I screwed up and ordered one of those 4" rotary table with indexing plates from Grizzly.  It arrived today. Made in India, some parts look decent and some look like what you'd find on a shelf at the dollar store. 

No instructions. I asked the online chat if they had anything that would help me assemble it, or unlock it, or use it, or anything else that would make it less than a paperweight and they didn't have any but said the technical support people could help me. Rather than kill a cell phone battery getting instructions online I thought I'd ask here first. 

 It came with an indexing plate installed - or at least attached. I don't know if it's on correctly as there is a piece between the crank and the indexing wheel that just spins around. There are two little toggle locks - one on top and one on the side. If I loosen one I can turn the table by hand. If I loosen the other I can turn the handle on the indexing plate a few degrees. That wheel seems to be some sort of cam, or it's seriously out of whack. That's all I've figured out. Googling brought me an instruction sheet from LMS for a different style table. Can anyone walk me through how to use the indexing plates, and how to remove them and put the other regular handle on before I chuck it out the back door onto the growing pile of broken and misfit toys?

thanks
Joe


----------



## PurpLev (Jan 9, 2013)

you might want to look up phase-II 4" rotary table instructions. the Grizz version might be a phase-II model.

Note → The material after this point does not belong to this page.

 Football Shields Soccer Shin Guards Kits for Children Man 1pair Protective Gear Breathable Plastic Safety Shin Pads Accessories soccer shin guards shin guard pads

Another alternative is to find a Vertex 4" instructions model. I am quite positive this is not the table you have from your description (Vertex products seem to be finished quite well, and come with a pretty OK user manual attached) but worth the shot, and might give you some ideas.


----------



## Woffler (Jan 9, 2013)

Can you post a picture of that rascal ,several would help, i have a couple different types here maybe we can figure it out before you send it back to them with a nice explanation !


----------



## joe_m (Jan 9, 2013)

I clicked a link somewhere in this forum, can't find it now to save my life. The link was to instruction for a Grizzly 6" and there was enough info there for me to figure out how to get the dividing plates off and put the regular crank on . I figured out then how to use it regularly (clamp a piece in it and turn in circles). That was the main reason I needed it. It doesn't feel like high quality but it's all I can afford. Maybe if I put some more oil in it it will be a little smoother and won't sound like a cat getting petted with a sheet of 80 grit sandpaper.

I also figured out how to turn with the dividing plates but closed the link before I understood the whole x # of turns in such and such hole does whatever thing. And it didn't explain the cheap looking part that was between the crank and the dividing plate. I know eventually I'll find the link again and when I do I'll check it out. 

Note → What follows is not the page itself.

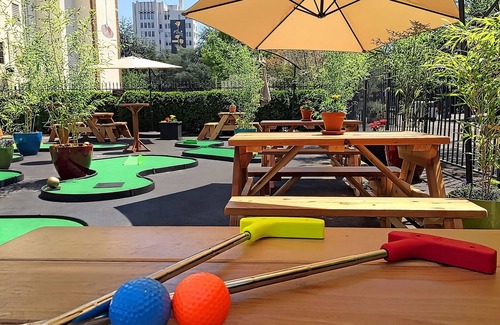 Goose Hollow Hotel | Ideal Mix of Comfort and Value! Near Providence Park! Pets are Allowed!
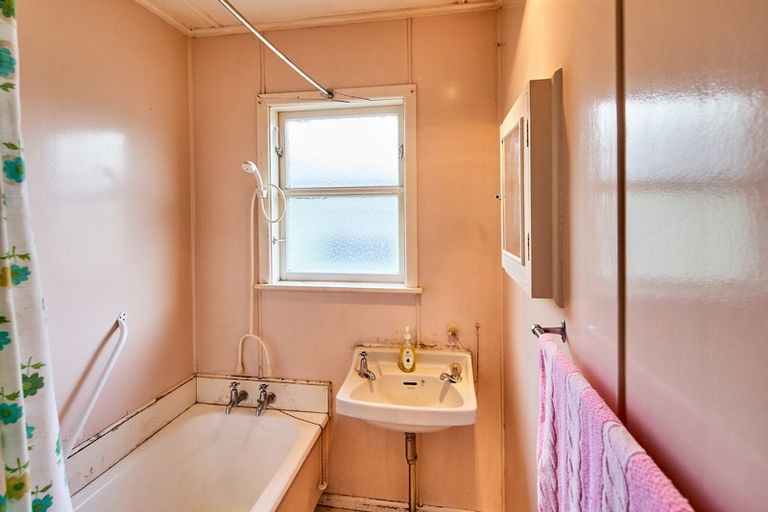 Photo of property in 57 Russell Road, Wainuiomata, Lower Hutt, 5014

The graduations on the measuring ring are, to me, interesting. I don't know how much Grizzly paid the guy in New Delhi to make it, but I could probably have gotten better results by paying a local pre-schooler two of those small boxes of chocolate milk to make the markings with a sharpie. 

Of course I may exaggerate just a skosh for effect. If you're really interesting in seeing the type of road-kill I drag home, here's a link to the page on Grizzly's site:
http://www.grizzly.com/products/4-Rotary-Table-w-Indexing/H5940

Joe


----------



## xman_charl (Jan 11, 2013)

View attachment UsingARotaryTable.pdf

	

		
			
		

		
	
 Presently using those 6 inch rotary tables Enco sells. Have a 4 inch also, but I do not have indexing plates for the 4 inch.  I have seen that Grizzly, and its a good rotary table. Partner down the street uses it. 

It seems to me you have never used a rotary table. Mount it on your mill, bolt something down, take some cuts...etc.

I do not use my rotary table to cut any gears. Mostly for accurate circular bolt hole patterns to mount motors. Have made
some nice adapters with accurate 6 sides. Made some 4 1/2 spiders for my lathe, spacers, posts. Those spiders I made sure
look nice.

Charl


----------



## iron man (Feb 13, 2013)

Hi I have this Rotary table as well it takes some work to get this table to work good but it can be done the most useful directions I found here: http://igor.chudov.com/manuals/Troyke-Rotary-Tables/UsingARotaryTable.pdf

This table has the same ratio and the same plates as the grizzly. Also the directions for the Sherline rotary table are very helpful as well. Ray


----------



## DaveSohlstrom (Feb 13, 2013)

Joe

The plastic parts between the indexing plate and the crank arm are the sector fingers. You will note that there are bevels on the fingers that face each other. You use these fingers when you have to turn the crank less than a whole turn. Example to get the number of divisions you need it is necessary to turn the crank 3 turn and 10 holes.  You spread the fingers so the distance between them is 10 holes. With one finger on the back side of the plunger pin to the direction your are going to rotate the crank. You pull and lock the plunger in to out position and make your 3 turn. Then you go past the first finger and insert the plunger back in the hole that is 10 holes further on. The other finger should be set so you can get the plunger in at 10 holes. Lock the table down and make your cut. Next and this is important. Rotate the fingers around in the direction of crank rotation so the first finger is again against the plunger. Make sure the fingers do not change the number of holes between them. Repeat 3 turns and 10 holes, cut, move fingers repeat till done.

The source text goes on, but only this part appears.